A major limitation for the validation of existing fraud detection methods is the lack of public datasets.[19] One of the few examples is the Credit Card Fraud Detection dataset[20] made available by the ULB Machine Learning Group.[21]

See also[edit]


  1. ^ Chuprina, Roman (13 April 2020). "The In-depth 2020 Guide to tát E-commerce Fraud Detection". Retrieved 2020-05-24.
  2. ^ Velasco, Rafael B.; Carpanese, Igor; Interian, Ruben; Paulo Neto, Octávio C. G.; Ribeiro, Celso C. (2020-05-28). "A decision tư vấn system for fraud detection in public procurement". International Transactions in Operational Research. 28: 27–47. doi:10.1111/itor.12811. ISSN 0969-6016.
  3. ^ a b c d Bolton, R. and Hand, D. (2002). Statistical fraud detection: A review. Statistical Science 17 (3), pp. 235-255
  4. ^ a b G. K. Palshikar, The Hidden Truth – Frauds and Their Control: A Critical Application for Business Intelligence, Intelligent Enterprise, vol. 5, no. 9, 28 May 2002, pp. 46–51.
  5. ^ a b c Al-Khatib, Adnan M. (2012). "Electronic Payment Fraud Detection Techniques". World of Computer Science and Information Technology Journal. 2. S2CID 214778396.
  6. ^ Vani, G. K. (February 2018). "How to tát detect data collection fraud using System properties approach". Multilogic in Science. VII (SPECIAL ISSUE ICAAASTSD-2018). ISSN 2277-7601. Retrieved February 2, 2019.
  7. ^ a b Michalski, R. S., I. Bratko, and M. Kubat (1998). Machine Learning and Data Mining – Methods and Applications. John Wiley & Sons Ltd.
  8. ^ Bolton, R. & Hand, D. (2002). Statistical Fraud Detection: A Review (With Discussion). Statistical Science 17(3): 235–255.
  9. ^ Tax, N. & de Vries, K.J. & de Jong, M. & Dosoula, N. & cầu xin den Akker, B. & Smith, J. & Thuong, O. & Bernardi, L. Machine Learning for Fraud Detection in E-Commerce: A Research Agenda. Proceedings of the KDD International Workshop on Deployable Machine Learning for Security Defense (ML hat). Springer, Cham, 2021.
  10. ^ Dal Pozzolo, A. & Caelen, O. & Le Borgne, Y. & Waterschoot, S. & Bontempi, G. (2014). Learned lessons in credit thẻ fraud detection from a practitioner perspective. Expert systems with applications 41: 10 4915–4928.
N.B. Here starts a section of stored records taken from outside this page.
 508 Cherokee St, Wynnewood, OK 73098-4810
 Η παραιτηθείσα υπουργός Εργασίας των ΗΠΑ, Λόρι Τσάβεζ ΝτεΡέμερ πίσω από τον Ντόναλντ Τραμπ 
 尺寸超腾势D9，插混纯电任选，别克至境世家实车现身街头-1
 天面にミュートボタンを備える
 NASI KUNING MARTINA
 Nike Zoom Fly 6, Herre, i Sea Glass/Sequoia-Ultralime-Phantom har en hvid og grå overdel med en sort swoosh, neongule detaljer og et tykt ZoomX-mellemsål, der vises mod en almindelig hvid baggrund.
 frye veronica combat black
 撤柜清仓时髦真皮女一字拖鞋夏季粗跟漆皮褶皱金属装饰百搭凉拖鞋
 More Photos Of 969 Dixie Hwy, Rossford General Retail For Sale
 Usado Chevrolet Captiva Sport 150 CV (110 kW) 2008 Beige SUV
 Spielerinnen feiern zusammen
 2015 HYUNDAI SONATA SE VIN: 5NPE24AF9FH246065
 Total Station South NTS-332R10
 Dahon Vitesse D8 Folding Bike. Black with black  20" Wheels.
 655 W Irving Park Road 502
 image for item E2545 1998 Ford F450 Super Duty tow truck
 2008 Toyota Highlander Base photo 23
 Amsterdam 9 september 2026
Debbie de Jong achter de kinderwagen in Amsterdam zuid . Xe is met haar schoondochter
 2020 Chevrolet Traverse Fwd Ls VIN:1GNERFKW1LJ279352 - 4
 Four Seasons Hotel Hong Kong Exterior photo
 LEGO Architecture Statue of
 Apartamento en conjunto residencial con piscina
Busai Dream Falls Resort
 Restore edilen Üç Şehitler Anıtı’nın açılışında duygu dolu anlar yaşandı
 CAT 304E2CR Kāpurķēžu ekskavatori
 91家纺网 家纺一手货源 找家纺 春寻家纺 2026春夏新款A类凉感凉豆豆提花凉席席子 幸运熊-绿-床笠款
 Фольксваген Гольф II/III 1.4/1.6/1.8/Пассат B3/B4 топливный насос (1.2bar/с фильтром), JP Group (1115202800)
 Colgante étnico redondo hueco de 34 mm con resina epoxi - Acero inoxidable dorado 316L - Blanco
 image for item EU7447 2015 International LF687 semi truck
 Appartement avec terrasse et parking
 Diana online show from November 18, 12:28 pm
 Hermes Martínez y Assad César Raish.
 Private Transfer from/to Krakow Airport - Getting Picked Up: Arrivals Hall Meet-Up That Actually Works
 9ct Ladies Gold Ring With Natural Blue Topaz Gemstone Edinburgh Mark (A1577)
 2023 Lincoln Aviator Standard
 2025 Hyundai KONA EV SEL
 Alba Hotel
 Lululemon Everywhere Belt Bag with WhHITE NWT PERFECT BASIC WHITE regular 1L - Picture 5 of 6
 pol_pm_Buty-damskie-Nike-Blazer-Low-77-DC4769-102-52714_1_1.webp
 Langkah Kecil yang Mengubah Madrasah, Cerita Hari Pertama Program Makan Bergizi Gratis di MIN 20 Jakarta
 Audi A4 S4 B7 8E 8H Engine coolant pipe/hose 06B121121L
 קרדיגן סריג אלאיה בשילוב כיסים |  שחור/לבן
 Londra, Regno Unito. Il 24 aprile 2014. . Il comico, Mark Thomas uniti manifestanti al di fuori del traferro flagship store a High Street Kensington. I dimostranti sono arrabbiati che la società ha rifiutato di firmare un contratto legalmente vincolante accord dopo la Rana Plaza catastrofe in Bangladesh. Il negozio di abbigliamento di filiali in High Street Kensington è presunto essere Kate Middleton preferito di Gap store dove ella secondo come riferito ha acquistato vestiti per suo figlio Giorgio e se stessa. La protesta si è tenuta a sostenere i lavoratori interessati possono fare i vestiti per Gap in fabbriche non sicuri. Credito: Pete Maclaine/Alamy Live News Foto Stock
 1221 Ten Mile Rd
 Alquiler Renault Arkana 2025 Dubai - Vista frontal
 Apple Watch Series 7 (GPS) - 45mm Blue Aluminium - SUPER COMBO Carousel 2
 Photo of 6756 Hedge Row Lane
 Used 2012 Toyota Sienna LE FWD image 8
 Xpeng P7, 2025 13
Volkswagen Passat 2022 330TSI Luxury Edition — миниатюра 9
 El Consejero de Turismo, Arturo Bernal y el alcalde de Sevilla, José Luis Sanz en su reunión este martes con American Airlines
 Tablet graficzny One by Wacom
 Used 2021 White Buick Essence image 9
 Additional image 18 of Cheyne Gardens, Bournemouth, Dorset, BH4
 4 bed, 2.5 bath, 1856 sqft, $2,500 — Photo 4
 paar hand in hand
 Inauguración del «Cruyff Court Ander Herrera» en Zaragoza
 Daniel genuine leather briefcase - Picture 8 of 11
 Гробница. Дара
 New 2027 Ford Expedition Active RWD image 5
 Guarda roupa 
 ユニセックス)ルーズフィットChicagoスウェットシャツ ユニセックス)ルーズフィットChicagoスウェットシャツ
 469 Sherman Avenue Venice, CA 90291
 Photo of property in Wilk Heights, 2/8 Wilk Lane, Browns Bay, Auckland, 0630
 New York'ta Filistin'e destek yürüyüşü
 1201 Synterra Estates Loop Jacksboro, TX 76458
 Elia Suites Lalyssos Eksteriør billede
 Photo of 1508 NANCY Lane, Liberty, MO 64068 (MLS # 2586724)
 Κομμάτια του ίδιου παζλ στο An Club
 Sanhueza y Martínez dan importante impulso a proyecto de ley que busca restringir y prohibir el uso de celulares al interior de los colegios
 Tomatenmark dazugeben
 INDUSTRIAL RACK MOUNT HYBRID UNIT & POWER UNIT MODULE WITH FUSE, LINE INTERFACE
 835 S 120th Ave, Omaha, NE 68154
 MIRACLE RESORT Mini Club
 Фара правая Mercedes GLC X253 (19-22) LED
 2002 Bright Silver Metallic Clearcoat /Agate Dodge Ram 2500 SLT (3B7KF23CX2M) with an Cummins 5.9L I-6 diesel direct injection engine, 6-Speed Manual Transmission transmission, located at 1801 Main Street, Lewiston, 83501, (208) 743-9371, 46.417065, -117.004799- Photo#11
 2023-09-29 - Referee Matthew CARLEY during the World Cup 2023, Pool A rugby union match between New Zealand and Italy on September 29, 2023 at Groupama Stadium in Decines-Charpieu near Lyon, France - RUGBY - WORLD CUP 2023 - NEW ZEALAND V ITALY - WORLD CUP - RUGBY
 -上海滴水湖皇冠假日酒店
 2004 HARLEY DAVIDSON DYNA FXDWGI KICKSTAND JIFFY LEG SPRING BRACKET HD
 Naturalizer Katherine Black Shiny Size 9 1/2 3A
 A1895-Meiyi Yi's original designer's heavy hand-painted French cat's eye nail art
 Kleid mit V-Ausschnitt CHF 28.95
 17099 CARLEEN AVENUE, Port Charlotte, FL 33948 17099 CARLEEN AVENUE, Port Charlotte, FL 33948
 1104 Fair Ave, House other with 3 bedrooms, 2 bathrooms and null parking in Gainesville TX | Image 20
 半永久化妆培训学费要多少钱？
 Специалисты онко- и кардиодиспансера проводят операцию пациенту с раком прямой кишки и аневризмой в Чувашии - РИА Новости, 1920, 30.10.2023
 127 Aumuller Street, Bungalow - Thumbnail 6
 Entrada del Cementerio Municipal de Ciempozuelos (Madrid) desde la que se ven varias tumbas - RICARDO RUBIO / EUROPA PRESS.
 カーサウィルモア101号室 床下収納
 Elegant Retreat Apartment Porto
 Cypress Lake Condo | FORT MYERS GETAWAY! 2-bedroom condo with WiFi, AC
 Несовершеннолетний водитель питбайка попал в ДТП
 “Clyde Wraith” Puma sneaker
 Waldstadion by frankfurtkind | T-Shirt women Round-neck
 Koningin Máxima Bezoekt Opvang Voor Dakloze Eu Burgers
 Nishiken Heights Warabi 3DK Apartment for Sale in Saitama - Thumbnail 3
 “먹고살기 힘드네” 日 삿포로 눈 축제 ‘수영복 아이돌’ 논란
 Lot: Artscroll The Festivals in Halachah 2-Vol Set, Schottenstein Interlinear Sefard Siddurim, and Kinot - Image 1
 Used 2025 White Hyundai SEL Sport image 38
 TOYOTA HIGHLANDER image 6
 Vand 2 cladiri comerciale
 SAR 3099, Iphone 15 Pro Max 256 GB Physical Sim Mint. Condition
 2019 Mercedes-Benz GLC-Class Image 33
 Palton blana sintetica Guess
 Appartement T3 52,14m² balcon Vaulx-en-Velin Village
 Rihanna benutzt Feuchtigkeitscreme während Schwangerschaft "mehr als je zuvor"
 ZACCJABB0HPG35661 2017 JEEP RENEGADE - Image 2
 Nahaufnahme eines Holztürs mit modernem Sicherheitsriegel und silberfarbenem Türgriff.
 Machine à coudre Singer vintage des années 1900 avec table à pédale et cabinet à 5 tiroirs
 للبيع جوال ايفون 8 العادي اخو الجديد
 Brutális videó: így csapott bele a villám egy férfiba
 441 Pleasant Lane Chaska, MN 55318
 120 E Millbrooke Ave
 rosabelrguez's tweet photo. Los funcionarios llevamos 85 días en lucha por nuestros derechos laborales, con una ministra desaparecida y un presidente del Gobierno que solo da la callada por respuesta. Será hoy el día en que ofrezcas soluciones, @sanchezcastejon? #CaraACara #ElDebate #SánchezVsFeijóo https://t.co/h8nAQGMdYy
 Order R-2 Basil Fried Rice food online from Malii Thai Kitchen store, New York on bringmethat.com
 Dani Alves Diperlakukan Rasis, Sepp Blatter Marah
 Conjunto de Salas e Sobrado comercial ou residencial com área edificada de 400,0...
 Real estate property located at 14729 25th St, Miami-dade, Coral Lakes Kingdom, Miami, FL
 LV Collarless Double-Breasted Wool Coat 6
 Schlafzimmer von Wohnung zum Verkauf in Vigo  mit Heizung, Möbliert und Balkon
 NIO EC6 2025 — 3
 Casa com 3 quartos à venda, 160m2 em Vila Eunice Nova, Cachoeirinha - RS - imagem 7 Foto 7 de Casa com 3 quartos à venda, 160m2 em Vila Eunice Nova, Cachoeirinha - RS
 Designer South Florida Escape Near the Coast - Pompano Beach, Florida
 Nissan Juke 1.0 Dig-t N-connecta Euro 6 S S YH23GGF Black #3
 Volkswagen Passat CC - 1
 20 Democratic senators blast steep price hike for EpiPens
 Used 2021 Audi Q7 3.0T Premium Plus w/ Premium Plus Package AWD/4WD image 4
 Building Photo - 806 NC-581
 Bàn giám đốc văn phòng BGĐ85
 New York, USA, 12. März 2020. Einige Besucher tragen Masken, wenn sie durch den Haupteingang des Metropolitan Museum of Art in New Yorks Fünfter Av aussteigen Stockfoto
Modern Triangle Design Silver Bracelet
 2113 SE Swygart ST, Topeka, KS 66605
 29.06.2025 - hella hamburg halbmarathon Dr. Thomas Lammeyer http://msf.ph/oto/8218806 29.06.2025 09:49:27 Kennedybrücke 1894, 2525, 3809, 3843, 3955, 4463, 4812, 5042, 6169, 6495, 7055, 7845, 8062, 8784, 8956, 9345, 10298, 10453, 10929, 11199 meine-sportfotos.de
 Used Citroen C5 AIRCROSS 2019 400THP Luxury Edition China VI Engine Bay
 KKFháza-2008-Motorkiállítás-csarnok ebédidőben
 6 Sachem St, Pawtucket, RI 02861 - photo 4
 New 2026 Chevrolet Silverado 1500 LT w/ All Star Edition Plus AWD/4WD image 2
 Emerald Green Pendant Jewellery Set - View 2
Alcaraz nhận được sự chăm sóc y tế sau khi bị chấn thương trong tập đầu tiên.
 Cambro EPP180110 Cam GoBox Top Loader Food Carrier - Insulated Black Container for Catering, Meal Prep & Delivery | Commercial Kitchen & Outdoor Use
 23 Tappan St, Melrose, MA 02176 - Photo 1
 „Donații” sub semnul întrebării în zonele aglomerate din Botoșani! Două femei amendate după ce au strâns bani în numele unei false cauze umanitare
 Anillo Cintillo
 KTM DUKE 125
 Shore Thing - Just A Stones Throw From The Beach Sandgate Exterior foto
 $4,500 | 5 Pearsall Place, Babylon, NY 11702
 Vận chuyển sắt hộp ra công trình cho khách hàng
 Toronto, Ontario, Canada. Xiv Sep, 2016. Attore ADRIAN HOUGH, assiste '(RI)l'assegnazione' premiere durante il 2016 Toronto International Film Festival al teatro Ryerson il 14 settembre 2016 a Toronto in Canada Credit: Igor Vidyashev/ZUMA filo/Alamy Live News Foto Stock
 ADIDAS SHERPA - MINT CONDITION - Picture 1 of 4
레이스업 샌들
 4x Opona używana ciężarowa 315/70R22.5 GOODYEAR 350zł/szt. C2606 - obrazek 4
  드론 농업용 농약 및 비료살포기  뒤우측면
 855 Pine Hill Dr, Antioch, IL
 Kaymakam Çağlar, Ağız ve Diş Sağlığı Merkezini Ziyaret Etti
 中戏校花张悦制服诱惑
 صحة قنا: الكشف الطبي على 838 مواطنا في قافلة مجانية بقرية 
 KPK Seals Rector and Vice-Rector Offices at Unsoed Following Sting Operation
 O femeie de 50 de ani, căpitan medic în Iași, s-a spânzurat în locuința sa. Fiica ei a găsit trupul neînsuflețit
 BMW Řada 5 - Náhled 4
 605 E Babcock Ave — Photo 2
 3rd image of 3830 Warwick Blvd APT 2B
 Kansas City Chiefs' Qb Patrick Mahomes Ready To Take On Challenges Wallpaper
  11. ^ Green, B. & Choi, J. (1997). Assessing the Risk of Management Fraud through Neural Network Technology. Auditing 16(1): 14–28.
  12. ^ Estevez, P.., C. Held, and C. Perez (2006). Subscription fraud prevention in telecommunications using fuzzy rules and neural networks. Expert Systems with Applications 31, 337–344.
  13. ^ Bhowmik, Rekha Bhowmik. "35 Data Mining Techniques in Fraud Detection". Journal of Digital Forensics, Security and Law. University of Texas at Dallas.
  14. ^ Fawcett, T. (1997). AI Approaches to tát Fraud Detection and Risk Management: Papers from the 1997 AAAI Workshop. Technical Report WS-97-07. AAAI Press.
  15. ^ Phua, C.; Lee, V.; Smith-Miles, K.; Gayler, R. (2005). "A Comprehensive Survey of Data Mining-based Fraud Detection Research". arXiv:1009.6119. doi:10.1016/j.chb.2012.01.002. S2CID 50458504.
  16. ^ Cortes, C. & Pregibon, D. (2001). Signature-Based Methods for Data Streams. Data Mining and Knowledge Discovery 5: 167–182.
  17. ^ a b Bolton, R. & Hand, D. (2001). Unsupervised Profiling Methods for Fraud Detection. Credit Scoring and Credit Control VII.
  18. ^ Carcillo, Fabrizio; Le Borgne, Yann-Aël; Caelen, Olivier; Kessaci, Yacine; Oblé, Frédéric; Bontempi, Gianluca (16 May 2019). "Combining unsupervised and supervised learning in credit thẻ fraud detection". Information Sciences. 557: 317–331. doi:10.1016/j.ins.2019.05.042. ISSN 0020-0255. S2CID 181839660.
  19. ^ Le Borgne, Yann-Aël; Bontempi, Gianluca (2021). "Machine Learning for Credit Card Fraud Detection - Practical Handbook". Retrieved 26 April 2021.
  20. ^ "Credit Card Fraud Detection".
  21. ^ "ULB Machine Learning Group".